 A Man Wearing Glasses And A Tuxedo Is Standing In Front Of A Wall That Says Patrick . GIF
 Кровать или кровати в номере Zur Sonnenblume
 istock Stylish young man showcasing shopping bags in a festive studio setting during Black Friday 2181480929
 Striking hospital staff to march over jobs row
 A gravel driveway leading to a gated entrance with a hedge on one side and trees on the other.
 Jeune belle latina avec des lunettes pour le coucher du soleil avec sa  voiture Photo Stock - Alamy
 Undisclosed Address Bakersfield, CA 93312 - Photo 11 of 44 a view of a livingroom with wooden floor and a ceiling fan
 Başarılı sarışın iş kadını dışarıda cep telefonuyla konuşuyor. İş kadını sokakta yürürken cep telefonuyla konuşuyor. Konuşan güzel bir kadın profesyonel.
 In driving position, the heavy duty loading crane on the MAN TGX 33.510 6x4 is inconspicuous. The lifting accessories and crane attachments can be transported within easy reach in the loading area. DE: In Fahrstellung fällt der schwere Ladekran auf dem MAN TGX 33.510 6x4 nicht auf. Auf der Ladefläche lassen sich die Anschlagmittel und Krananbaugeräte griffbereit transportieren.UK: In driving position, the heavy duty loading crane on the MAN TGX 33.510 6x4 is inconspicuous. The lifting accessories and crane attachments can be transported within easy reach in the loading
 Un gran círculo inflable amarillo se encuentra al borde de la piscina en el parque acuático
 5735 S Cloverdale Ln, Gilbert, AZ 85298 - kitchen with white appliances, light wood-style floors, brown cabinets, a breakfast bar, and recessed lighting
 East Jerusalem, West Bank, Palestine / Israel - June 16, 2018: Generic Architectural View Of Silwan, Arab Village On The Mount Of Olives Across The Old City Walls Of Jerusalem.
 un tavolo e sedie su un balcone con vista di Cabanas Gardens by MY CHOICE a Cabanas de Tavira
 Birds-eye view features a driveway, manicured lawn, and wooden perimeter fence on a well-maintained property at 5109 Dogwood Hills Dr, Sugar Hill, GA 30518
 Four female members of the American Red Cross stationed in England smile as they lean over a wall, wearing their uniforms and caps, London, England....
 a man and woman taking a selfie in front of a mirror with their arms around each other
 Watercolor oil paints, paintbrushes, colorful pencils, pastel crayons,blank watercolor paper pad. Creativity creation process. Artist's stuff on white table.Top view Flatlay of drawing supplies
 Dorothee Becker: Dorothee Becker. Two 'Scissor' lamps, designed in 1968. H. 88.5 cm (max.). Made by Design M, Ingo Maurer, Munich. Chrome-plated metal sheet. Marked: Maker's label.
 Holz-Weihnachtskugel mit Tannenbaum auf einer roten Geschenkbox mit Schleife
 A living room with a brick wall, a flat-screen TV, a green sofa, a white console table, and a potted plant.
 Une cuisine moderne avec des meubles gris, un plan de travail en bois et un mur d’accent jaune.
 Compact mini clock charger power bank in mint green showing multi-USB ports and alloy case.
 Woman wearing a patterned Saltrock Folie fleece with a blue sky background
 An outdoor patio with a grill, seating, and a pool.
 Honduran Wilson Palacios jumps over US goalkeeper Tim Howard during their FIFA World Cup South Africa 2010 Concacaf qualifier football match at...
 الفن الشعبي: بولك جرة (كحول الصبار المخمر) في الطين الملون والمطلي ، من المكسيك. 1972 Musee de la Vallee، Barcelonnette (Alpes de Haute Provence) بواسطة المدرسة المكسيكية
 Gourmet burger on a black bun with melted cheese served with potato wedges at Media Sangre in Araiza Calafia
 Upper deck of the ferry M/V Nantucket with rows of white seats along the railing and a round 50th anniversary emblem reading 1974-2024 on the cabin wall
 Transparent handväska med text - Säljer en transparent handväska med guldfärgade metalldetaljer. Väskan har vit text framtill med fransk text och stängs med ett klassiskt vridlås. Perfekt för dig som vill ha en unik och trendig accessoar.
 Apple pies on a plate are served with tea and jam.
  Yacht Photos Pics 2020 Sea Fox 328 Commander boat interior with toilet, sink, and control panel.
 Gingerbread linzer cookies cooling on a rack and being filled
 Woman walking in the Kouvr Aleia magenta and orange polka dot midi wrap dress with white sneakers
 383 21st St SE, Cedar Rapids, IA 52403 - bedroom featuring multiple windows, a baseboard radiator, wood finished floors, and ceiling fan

§ ACTIVITY: The range runs from the line above containing "Woman wearing a" to the line containing "Yacht Photos Pics", inclusive. Restate those lines word for word and no others.

§ THE ANSWER:
 Woman wearing a patterned Saltrock Folie fleece with a blue sky background
 An outdoor patio with a grill, seating, and a pool.
 Honduran Wilson Palacios jumps over US goalkeeper Tim Howard during their FIFA World Cup South Africa 2010 Concacaf qualifier football match at...
 الفن الشعبي: بولك جرة (كحول الصبار المخمر) في الطين الملون والمطلي ، من المكسيك. 1972 Musee de la Vallee، Barcelonnette (Alpes de Haute Provence) بواسطة المدرسة المكسيكية
 Gourmet burger on a black bun with melted cheese served with potato wedges at Media Sangre in Araiza Calafia
 Upper deck of the ferry M/V Nantucket with rows of white seats along the railing and a round 50th anniversary emblem reading 1974-2024 on the cabin wall
 Transparent handväska med text - Säljer en transparent handväska med guldfärgade metalldetaljer. Väskan har vit text framtill med fransk text och stängs med ett klassiskt vridlås. Perfekt för dig som vill ha en unik och trendig accessoar.
 Apple pies on a plate are served with tea and jam.
  Yacht Photos Pics 2020 Sea Fox 328 Commander boat interior with toilet, sink, and control panel.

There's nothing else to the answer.